Thanks for your interesting questions! Here are my responses:
1. The mice were given a precursor of NAD+ called nicotinamide mononucleotide (NMN). They don’t specify how it is adminstered — just that they had “treatment” for one week. They reference a Yoshino et al., 2011 paper, so there may be more details in it.
2. I’m not sure they’ve quantified the effects of the NAD+ to know how concentration/dosage correlates with age reversal. I think more studies will need to be done to figure that out (and figure out why it reverts to the age that it does). I think this is really the first study that’s demonstrated this. Those are definitely interesting questions that I hope will be investigated in the future.
3. I agree — it would be interesting to look into the co-evolution more. I haven’t done a literature search, but I wonder if there’s already some information on that out there.
4. In the paper, they looked at muscle atrophy, inflammation, insulin signaling, glucose uptake, and other muscle functions. While seeing improvement/anti-aging in these areas, they did not see it in muscle strength, however — they propose that more than 1 week might be needed for this. It’d definitely be interesting to see how treatments over a week long would have different results.

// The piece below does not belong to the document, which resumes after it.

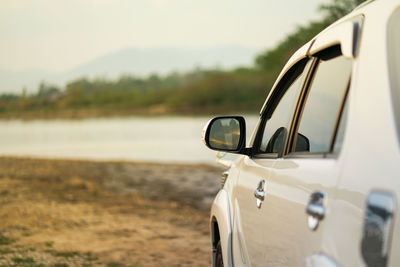 Close-up of vintage car on road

5. I am guessing that this group was more interested in quantifying biochemical changes, probably because this is an early paper on this topic — I would imagine that follow-up studies would definitely look into physiological changes.
I found a company selling a supplement containing NAD (www.zaoreset.com) and am thinking of trying it. Has anyone any else tried this product yet?
Thanks for your comment and link, Melissa. I think that more research definitely needs to be done before this could be recommended as a supplement for humans — this study was only done in mice, and the results were limited (to this single published study). As when considering taking any health supplement, it is important to first discuss it with your doctor.